“Hei, apa kau pernah patah hati?”
“Aku belum pernah jatuh cinta, jadi aku belum pernah patah hati,” sahutku datar.
Ia memutar bola mata kesal mendengar jawabanku, tetapi kemudian ia mengangguk pelan pertanda paham.
“Kau sedang patah hati?” tanyaku.
“Apa aku terlihat seperti orang yang baru saja patah hati?”
Aku mengangkat bahu acuh tak acuh. “Aku hanya menduga karena pertanyaanmu itu.”
Ia tertawa kecil dan berujar, “Kau tahu, aku selalu penasaran dengan apa saja, bahkan hal remeh sekalipun.”
Namanya Mikha. Ia sahabatku. Meski kami jarang bertemu, kami akan meluangkan waktu untuk berjalan-jalan santai sejenak dan membicarakan hal-hal acak setiap ada kesempatan. Bagi kami, terkadang hal sepele pun bisa menjadi sangat penting untuk dibicarakan.
Kali ini, kami sedang duduk di salah satu bangku taman sambil menikmati es krim. Cuaca yang luar biasa panas tak menyurutkan niat kami untuk mengobrol, karena ada sebuah pohon besar dan rindang yang menemani kami.
“Apa yang menggelitik rasa ingin tahumu kali ini?” tanyaku seraya menggigit es krimku.
“Aku hanya ingin tahu, mengapa ada banyak orang yang tetap mengharapkan seseorang yang tidak menginginkan mereka,” sahutnya. “Menurutku, itu sangat aneh.”
“Entahlah. Kurasa cinta memang misterius,” ucapku. Aku mendongak, menatap langit yang terlihat begitu biru di siang hari ini. “Kurasa kau akan mengetahui alasannya ketika kau telah merasakan cinta itu sendiri.”
Mikha menggeleng kuat-kuat. “Aku tidak ingin merasakan cinta.
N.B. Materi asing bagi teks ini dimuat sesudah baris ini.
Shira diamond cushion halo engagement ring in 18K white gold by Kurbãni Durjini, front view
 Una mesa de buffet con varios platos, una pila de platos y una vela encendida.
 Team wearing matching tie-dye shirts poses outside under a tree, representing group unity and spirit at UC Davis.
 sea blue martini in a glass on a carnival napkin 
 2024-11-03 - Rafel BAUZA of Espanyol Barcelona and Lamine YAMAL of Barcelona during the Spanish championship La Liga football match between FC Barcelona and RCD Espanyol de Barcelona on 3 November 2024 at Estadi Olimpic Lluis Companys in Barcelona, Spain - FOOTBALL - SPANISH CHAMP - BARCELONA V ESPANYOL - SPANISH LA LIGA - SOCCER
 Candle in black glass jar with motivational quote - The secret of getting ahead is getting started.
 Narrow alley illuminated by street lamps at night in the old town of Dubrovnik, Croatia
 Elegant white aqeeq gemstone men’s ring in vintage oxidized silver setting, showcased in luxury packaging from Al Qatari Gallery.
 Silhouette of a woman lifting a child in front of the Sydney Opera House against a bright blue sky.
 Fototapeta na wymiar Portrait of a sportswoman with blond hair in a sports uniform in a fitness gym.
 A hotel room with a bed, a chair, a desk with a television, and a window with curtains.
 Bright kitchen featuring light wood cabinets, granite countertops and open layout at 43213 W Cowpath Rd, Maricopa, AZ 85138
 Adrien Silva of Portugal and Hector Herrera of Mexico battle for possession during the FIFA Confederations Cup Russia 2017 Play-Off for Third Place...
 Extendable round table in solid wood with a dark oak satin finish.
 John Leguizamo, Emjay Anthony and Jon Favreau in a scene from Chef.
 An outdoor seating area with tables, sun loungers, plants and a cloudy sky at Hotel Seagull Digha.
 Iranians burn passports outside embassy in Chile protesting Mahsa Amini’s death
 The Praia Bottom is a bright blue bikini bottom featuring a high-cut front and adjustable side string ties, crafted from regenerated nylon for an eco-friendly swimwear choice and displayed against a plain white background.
Kedengarannya menakutkan. Itu membuatmu patah hati.”
“Cinta memang membuat sebagian orang patah hati,” ujarku. Aku terdiam sejenak, memikirkan kata-kata yang tepat, kemudian melanjutkan, “Namun, kurasa ada jauh lebih banyak rasa yang ditawarkan oleh cinta selain patah hati. Cinta memang terlihat sederhana, tetapi nyatanya tidak. Cinta bukan hanya tentang patah hati, tetapi juga tentang rasa-rasa lain yang belum kauketahui.”
“Tetap saja, itu terdengar menakutkan.”
“Kau merasa takut karena kau belum merasakannya. Mungkin, kau tak lagi ketakutan ketika kau telah merasakannya.”
“Aku penasaran,” gumamnya. “Aku takut.”
Aku menggigit es krimku hingga tak bersisa, kemudian menatapnya tepat di mata dan berujar, “Bagaimana jika kau mencobanya denganku? Kau tidak akan ketakutan jika bersamaku, bukan?”